After dropping the pictures, give again exactly the lines of the data from its first line through the line with "Clearance Kirklands Home", which is included as well.

** Input data follows **

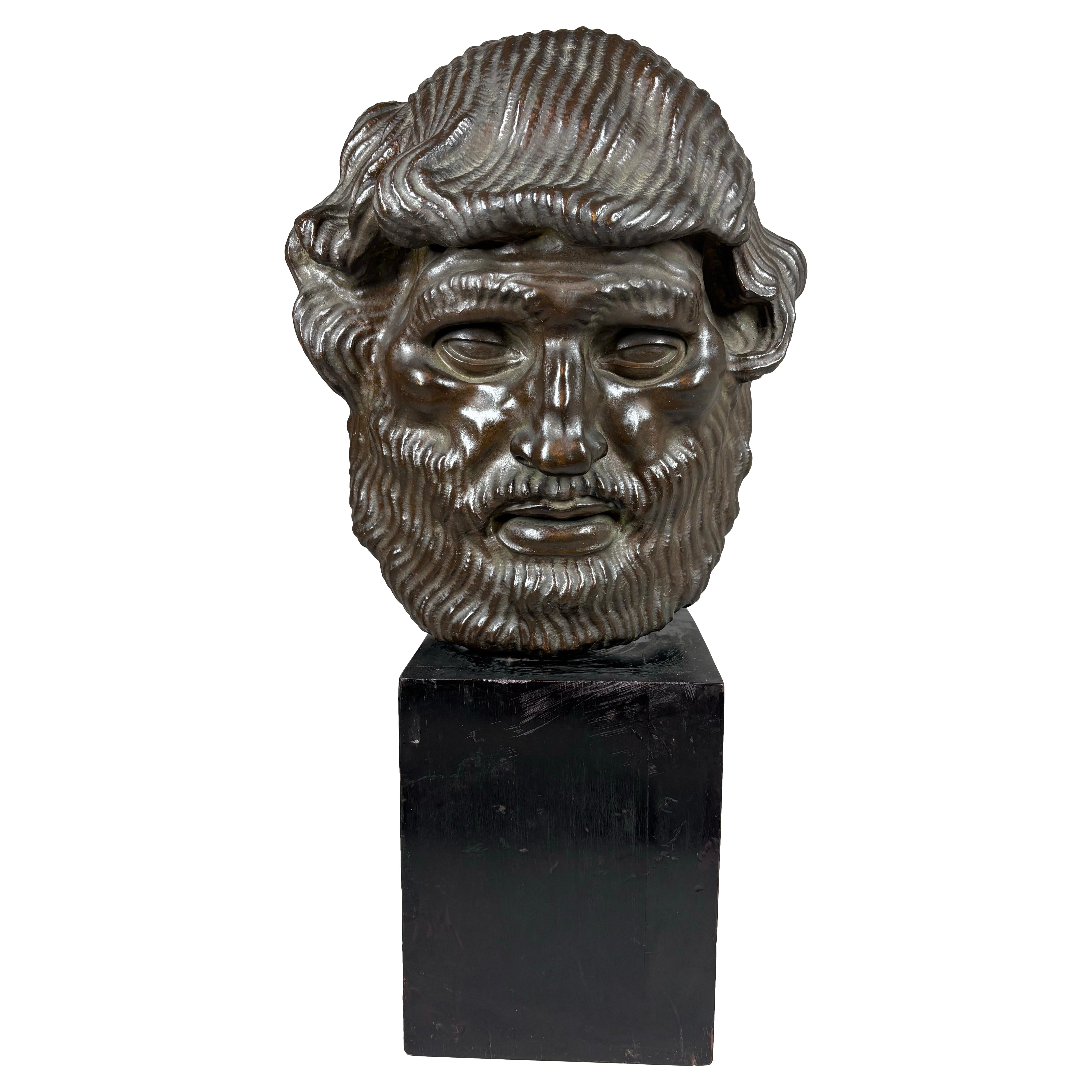 Juan Carlos Iramain (1900-1973), Bronze relief of bearded man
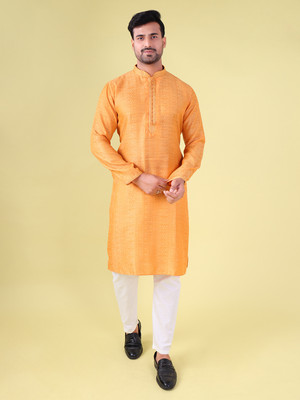 Aurik Men Printed Straight Kurta(Orange)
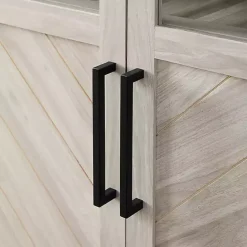 Clearance Kirklands Home Birch Chevron Wooden Storage Cabinet Tan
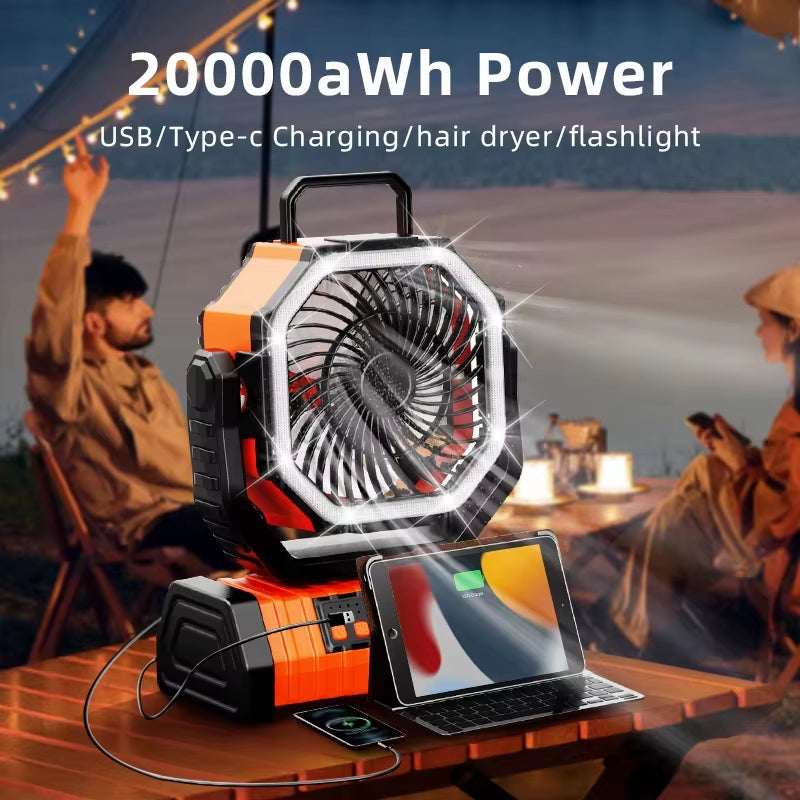 Ventilador Portátil Pro 20,000 mAh: Aire Potente, Iluminación y Power Bank Todo-en-Uno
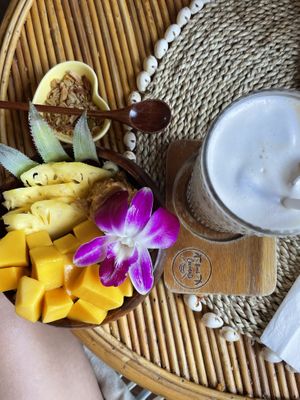 Jungle Açaí plus iced coconut coffee   at Beach Coconuts Bowls - Bophut Koh Samui in Koh Samui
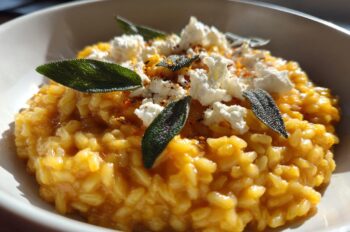 Pumpkin Risotto with Goat Cheese & Sage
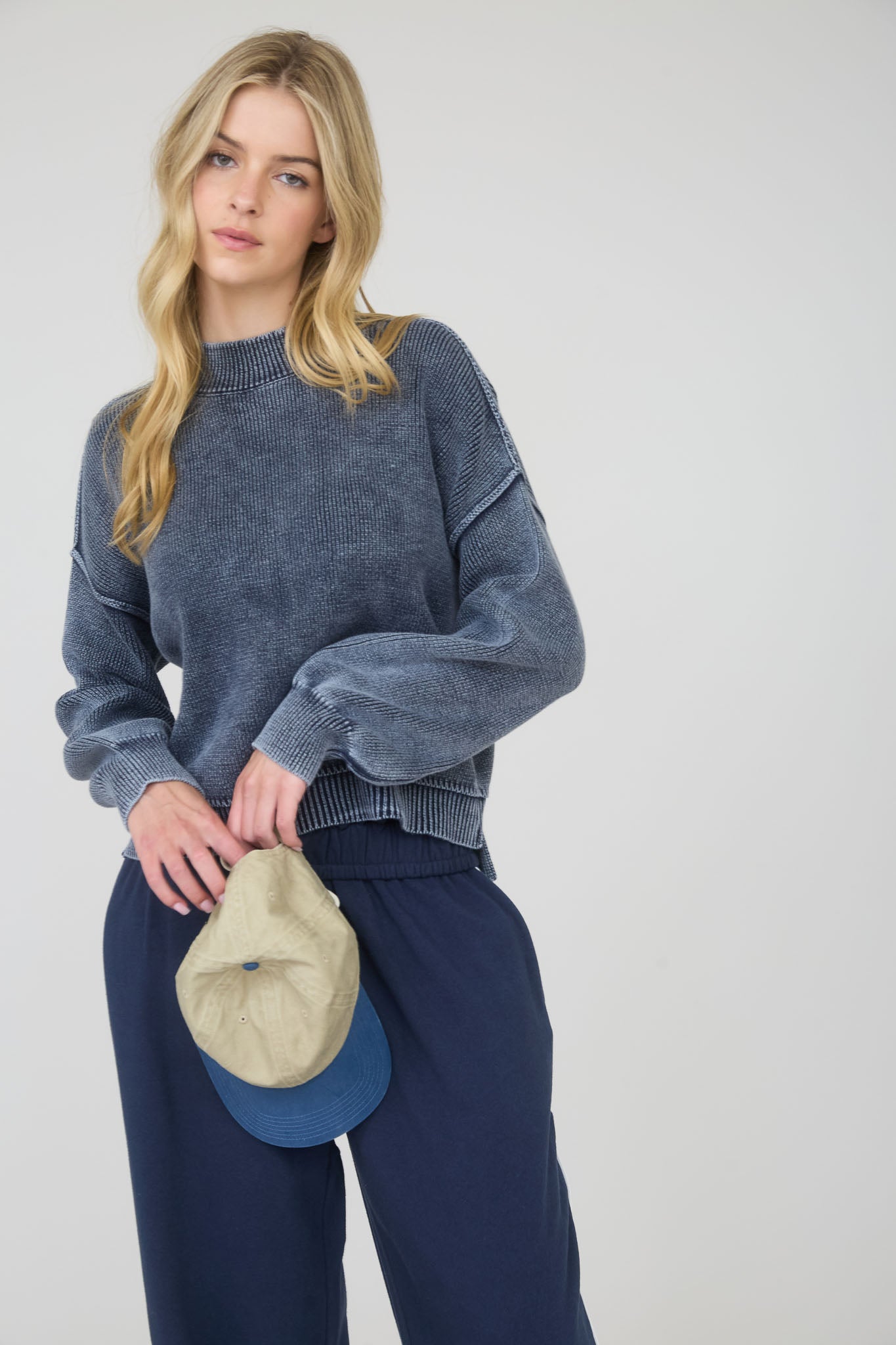 FOLD OVER DRAWSTRING WAIST WIDE LEG LOUNGE PANTS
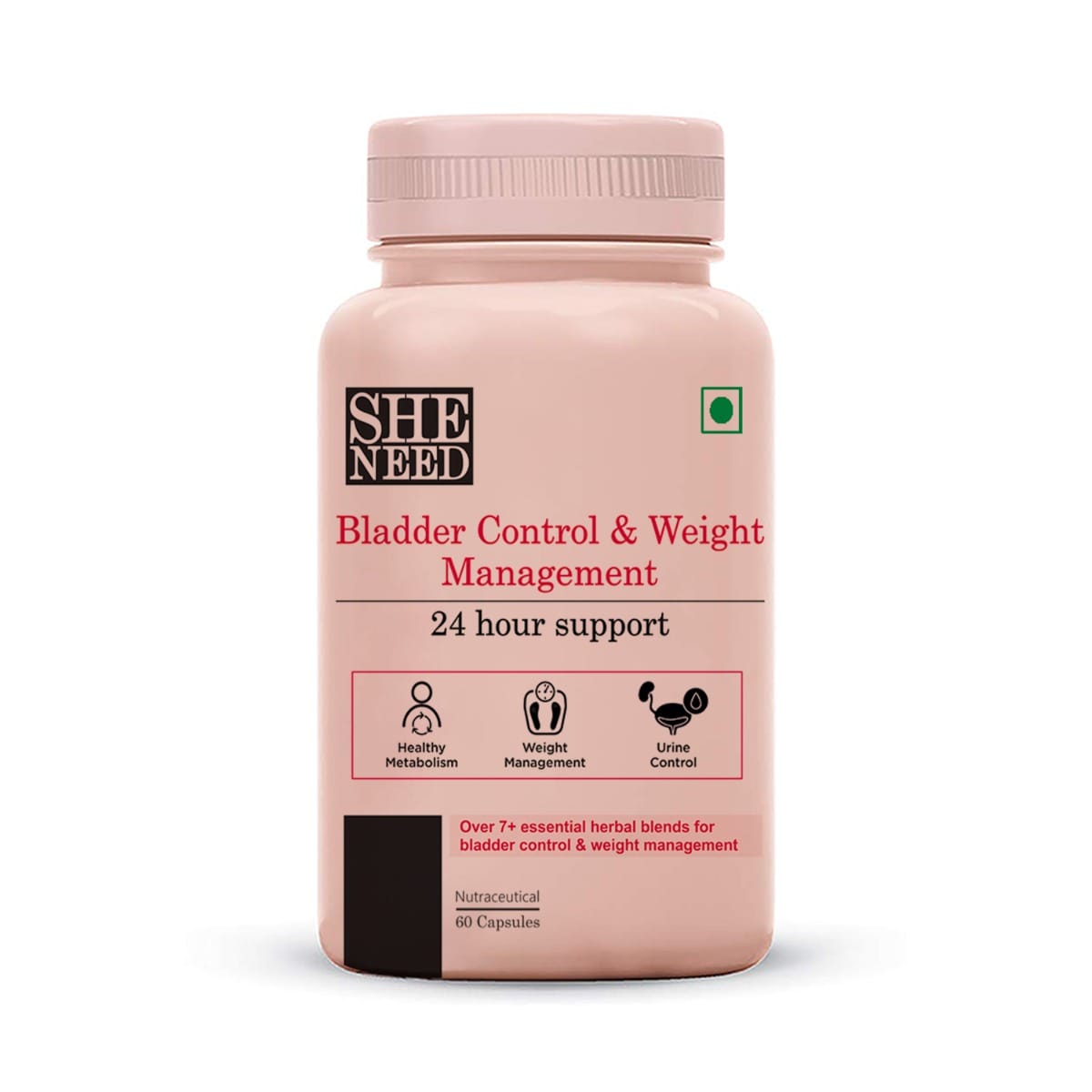 

Sheneed Bladder Control & Weight Management for women | Reduces Occasional Urgency | Healthy Metabolism | Good Night’s Sleep +24hrs Supports – 60 C...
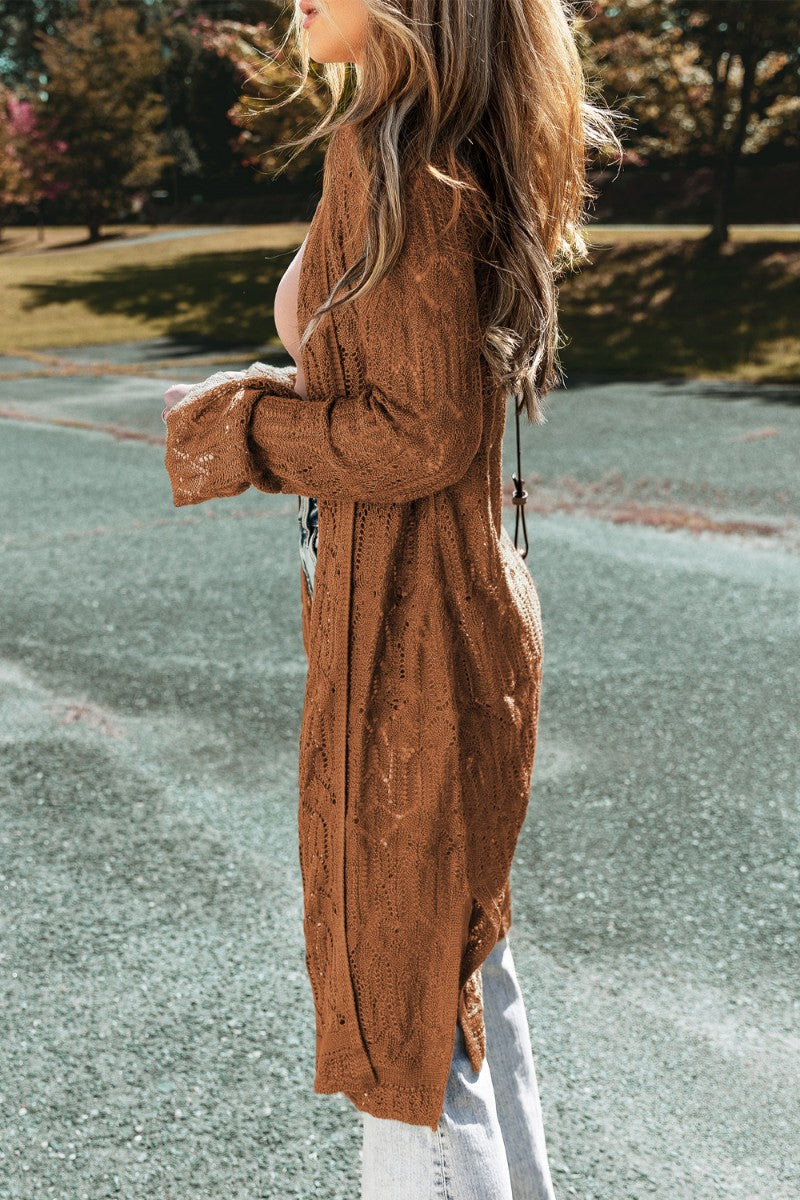 Openwork open front long sleeve cardigan.
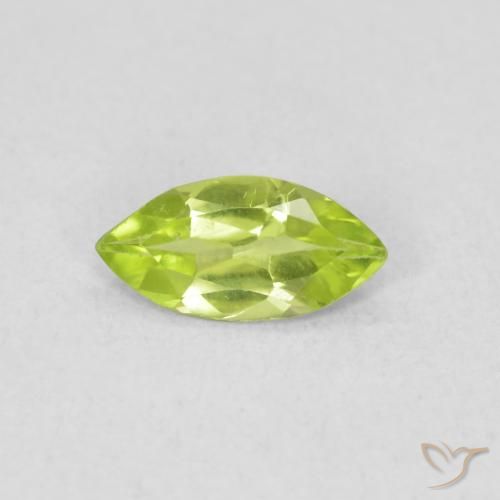 0.47ct Naturale Verde medio Peridoto, Taglio marquise, VS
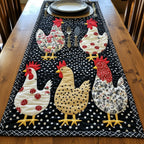 Calico Chickens on Black Panel Table Runner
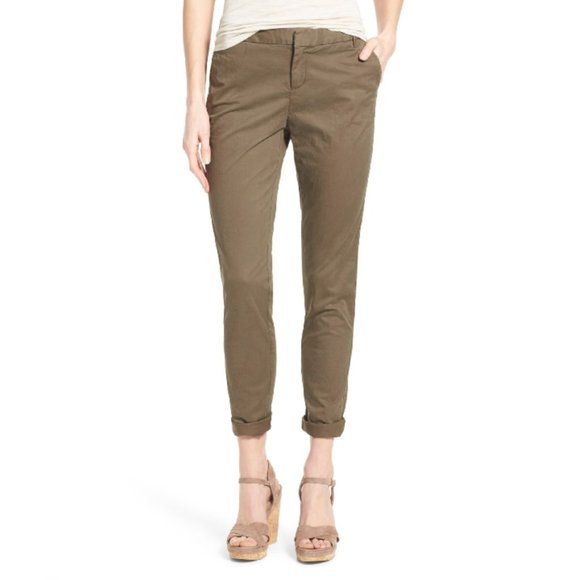 Caslon Nordstrom Olive Green Chino Ankle Pants - Picture 2 of 8
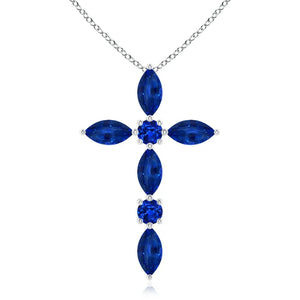 Marquise and round blue sapphire cross pendant in 14k yellow gold by Irdoja Diamonds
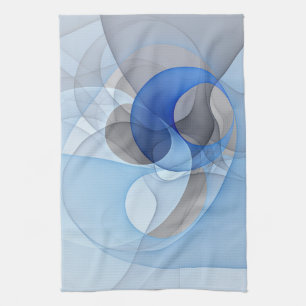 Modern Abstract Blue Grey Fractal Art Graphic Tea Towel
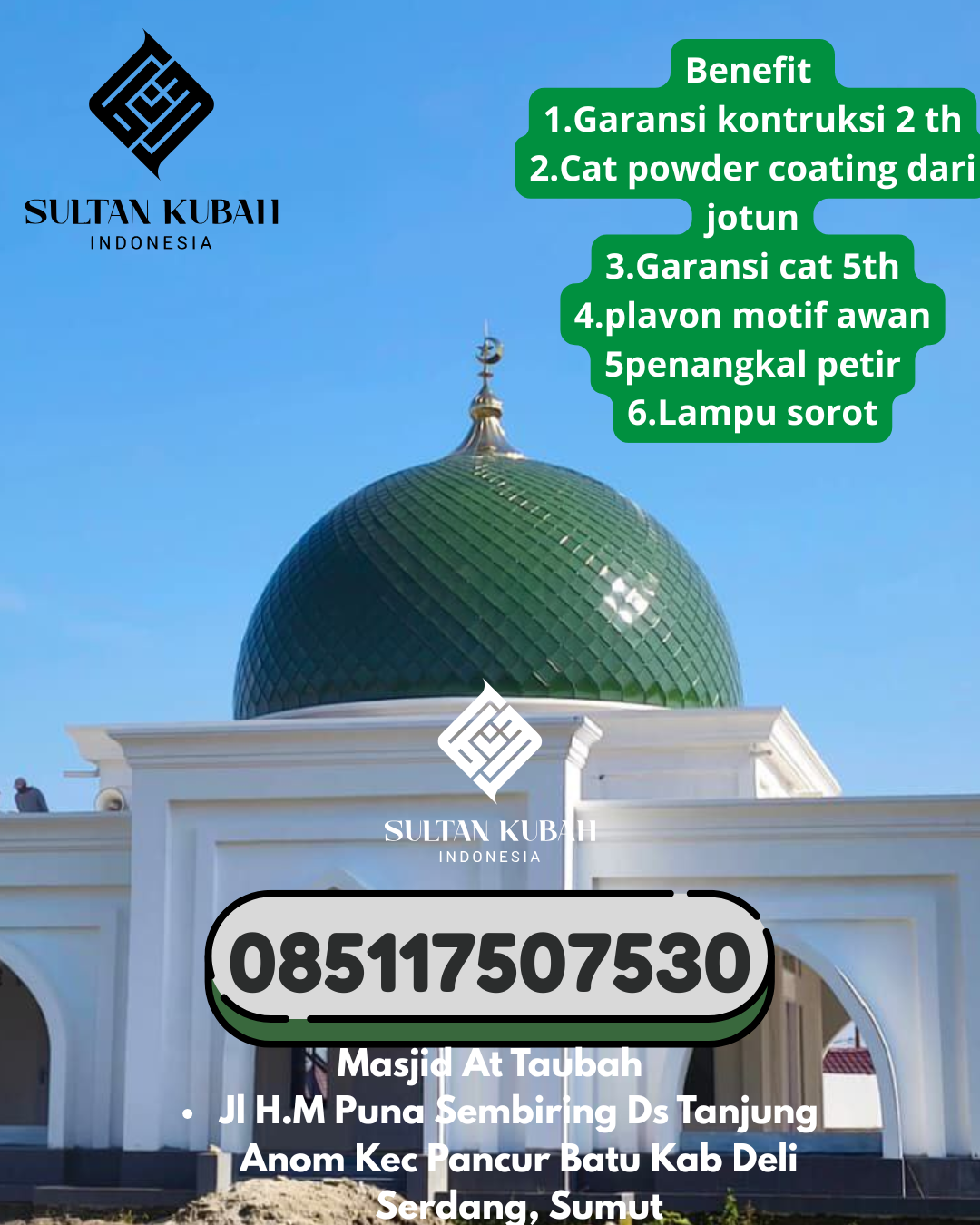 Kubah masjid galvalum kuat dan awet, berg aransi, 085117507530. Klari – Kabupaten Karawang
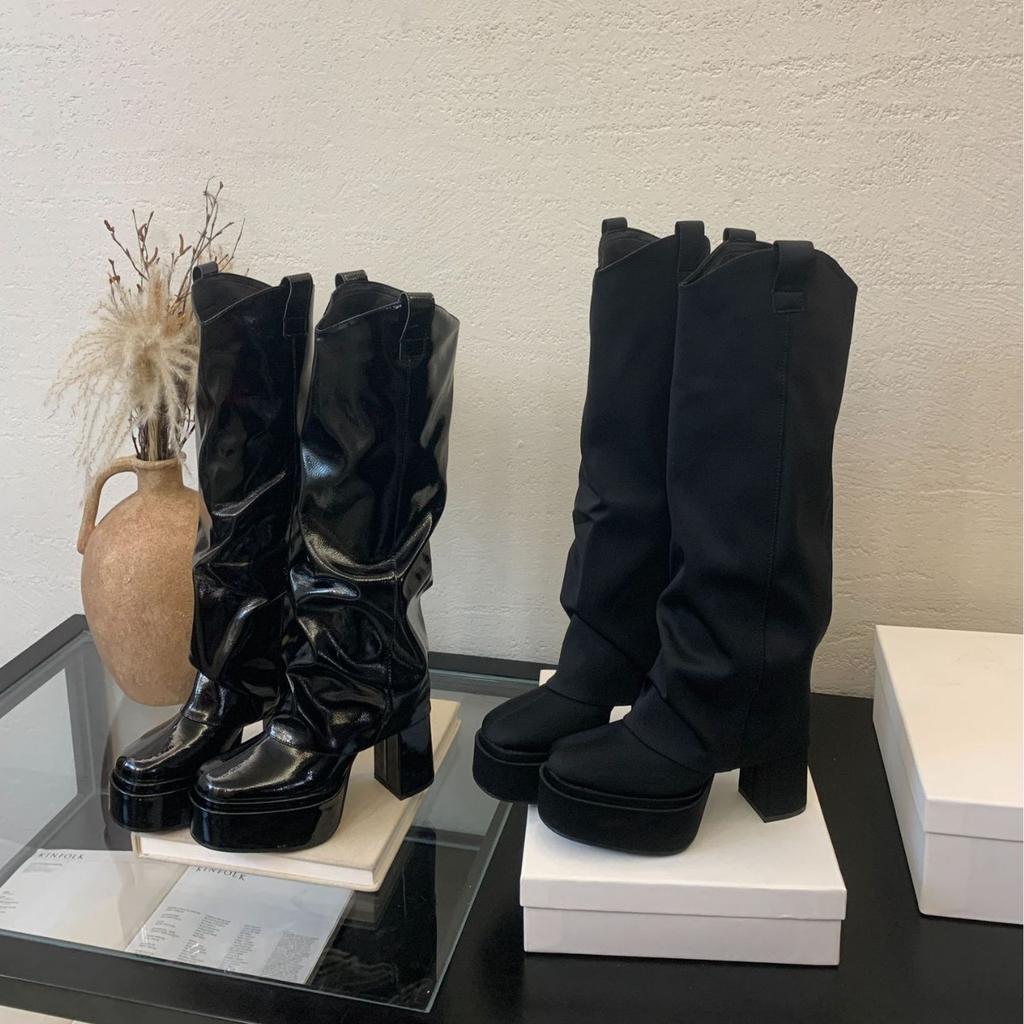 Boots 2025 autumn and winter new thick heel piled boots v-mouth western boots women's retro outer soft-soled trousers boots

** End of Input data **

◆ Result below
 Juan Carlos Iramain (1900-1973), Bronze relief of bearded man
 Aurik Men Printed Straight Kurta(Orange)
 Clearance Kirklands Home Birch Chevron Wooden Storage Cabinet Tan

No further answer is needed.